• [DATA FOR THE TASK]:

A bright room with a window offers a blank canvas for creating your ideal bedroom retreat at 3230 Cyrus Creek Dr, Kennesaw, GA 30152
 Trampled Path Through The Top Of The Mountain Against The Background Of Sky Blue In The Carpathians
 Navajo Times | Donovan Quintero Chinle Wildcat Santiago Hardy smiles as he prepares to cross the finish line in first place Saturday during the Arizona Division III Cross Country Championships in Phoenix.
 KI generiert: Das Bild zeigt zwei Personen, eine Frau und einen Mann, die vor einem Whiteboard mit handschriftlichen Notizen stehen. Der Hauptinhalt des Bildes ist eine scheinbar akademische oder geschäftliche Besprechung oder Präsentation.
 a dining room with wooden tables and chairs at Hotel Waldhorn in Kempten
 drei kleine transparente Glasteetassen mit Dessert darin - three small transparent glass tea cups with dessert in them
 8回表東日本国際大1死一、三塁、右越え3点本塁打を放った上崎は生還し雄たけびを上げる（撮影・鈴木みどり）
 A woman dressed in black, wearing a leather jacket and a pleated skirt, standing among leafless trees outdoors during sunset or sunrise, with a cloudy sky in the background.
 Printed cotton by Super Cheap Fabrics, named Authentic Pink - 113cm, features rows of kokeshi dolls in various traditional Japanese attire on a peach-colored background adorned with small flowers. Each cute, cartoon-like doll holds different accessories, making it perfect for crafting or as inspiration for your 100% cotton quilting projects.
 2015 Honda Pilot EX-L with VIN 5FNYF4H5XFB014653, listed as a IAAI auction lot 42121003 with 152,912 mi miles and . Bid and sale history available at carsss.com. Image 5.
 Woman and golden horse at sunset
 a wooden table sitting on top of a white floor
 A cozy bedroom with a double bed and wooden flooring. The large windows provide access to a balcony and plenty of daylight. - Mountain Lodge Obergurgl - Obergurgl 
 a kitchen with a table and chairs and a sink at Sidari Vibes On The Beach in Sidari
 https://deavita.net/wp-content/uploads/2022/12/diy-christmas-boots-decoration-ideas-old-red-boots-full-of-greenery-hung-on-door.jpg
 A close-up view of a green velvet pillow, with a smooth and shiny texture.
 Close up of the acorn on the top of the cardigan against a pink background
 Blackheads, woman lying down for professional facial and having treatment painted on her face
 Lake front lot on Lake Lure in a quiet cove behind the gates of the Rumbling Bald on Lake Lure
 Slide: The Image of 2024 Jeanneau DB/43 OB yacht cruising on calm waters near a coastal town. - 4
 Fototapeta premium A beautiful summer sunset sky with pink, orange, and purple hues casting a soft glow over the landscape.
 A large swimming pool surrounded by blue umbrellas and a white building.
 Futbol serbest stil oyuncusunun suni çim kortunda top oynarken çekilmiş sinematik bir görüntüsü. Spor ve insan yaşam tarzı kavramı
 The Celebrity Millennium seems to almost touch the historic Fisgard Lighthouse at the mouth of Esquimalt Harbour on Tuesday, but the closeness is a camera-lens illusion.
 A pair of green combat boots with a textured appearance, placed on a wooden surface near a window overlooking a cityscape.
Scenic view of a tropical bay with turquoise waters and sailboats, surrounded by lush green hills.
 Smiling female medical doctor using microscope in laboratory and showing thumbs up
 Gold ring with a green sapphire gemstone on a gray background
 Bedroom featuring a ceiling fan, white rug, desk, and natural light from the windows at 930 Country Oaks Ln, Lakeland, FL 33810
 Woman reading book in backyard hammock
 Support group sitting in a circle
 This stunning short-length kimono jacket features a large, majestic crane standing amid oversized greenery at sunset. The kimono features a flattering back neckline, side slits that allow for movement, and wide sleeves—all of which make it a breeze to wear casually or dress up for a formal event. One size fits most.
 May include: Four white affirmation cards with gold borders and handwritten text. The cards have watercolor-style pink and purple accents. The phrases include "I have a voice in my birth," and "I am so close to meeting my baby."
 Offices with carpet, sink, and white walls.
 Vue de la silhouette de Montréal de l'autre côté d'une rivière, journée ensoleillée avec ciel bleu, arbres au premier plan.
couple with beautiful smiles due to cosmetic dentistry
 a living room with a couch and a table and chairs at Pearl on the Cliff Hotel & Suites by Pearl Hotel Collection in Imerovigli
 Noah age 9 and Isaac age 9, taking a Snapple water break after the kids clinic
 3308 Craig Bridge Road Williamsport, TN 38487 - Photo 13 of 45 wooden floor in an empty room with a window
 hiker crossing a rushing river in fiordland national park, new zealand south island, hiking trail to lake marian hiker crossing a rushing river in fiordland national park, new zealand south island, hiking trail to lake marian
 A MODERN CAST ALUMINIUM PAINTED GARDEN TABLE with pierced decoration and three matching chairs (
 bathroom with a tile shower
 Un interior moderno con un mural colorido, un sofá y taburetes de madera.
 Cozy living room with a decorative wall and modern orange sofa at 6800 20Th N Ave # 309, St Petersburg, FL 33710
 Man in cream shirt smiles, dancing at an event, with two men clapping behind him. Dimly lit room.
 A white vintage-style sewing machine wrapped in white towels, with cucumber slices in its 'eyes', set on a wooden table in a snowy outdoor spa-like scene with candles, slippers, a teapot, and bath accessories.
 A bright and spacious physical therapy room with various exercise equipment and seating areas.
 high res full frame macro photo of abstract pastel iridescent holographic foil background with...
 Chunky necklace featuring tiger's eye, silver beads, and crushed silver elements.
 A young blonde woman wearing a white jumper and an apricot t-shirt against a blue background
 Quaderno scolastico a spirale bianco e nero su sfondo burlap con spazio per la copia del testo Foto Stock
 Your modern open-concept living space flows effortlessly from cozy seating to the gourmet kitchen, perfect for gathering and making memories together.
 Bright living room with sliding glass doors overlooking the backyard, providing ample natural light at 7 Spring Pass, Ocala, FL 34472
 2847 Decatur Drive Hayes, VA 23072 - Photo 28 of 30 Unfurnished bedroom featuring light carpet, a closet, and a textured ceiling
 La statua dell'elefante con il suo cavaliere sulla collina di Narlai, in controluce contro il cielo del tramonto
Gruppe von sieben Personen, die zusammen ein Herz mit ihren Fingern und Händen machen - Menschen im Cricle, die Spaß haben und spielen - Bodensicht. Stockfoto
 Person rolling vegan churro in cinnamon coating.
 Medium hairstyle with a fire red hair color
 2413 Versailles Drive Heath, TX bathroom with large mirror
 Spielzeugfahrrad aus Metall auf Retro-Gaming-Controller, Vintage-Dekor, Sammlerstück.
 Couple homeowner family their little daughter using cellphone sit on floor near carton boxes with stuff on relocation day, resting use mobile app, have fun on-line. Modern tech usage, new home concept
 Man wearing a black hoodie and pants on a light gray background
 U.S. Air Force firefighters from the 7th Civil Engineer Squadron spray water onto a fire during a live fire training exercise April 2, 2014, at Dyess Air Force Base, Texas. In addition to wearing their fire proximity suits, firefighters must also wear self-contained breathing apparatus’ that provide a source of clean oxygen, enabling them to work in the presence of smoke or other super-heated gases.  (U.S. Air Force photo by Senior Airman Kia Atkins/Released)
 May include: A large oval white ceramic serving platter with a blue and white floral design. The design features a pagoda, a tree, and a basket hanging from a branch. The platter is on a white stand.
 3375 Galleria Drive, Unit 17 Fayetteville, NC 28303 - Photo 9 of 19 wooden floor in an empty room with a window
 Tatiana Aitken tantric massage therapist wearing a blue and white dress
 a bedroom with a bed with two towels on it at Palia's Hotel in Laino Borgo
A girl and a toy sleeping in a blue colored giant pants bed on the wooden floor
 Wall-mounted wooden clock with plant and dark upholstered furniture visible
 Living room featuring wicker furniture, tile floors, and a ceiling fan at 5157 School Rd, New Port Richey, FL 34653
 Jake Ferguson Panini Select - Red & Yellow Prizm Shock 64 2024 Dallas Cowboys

• [YOUR OBJECTIVE]:
Would you restate exactly the lines of the material above, from its opening line through the line with "KI generiert: Das", and output only those?

• [ANSWER TO THE EXERCISE]:
A bright room with a window offers a blank canvas for creating your ideal bedroom retreat at 3230 Cyrus Creek Dr, Kennesaw, GA 30152
 Trampled Path Through The Top Of The Mountain Against The Background Of Sky Blue In The Carpathians
 Navajo Times | Donovan Quintero Chinle Wildcat Santiago Hardy smiles as he prepares to cross the finish line in first place Saturday during the Arizona Division III Cross Country Championships in Phoenix.
 KI generiert: Das Bild zeigt zwei Personen, eine Frau und einen Mann, die vor einem Whiteboard mit handschriftlichen Notizen stehen. Der Hauptinhalt des Bildes ist eine scheinbar akademische oder geschäftliche Besprechung oder Präsentation.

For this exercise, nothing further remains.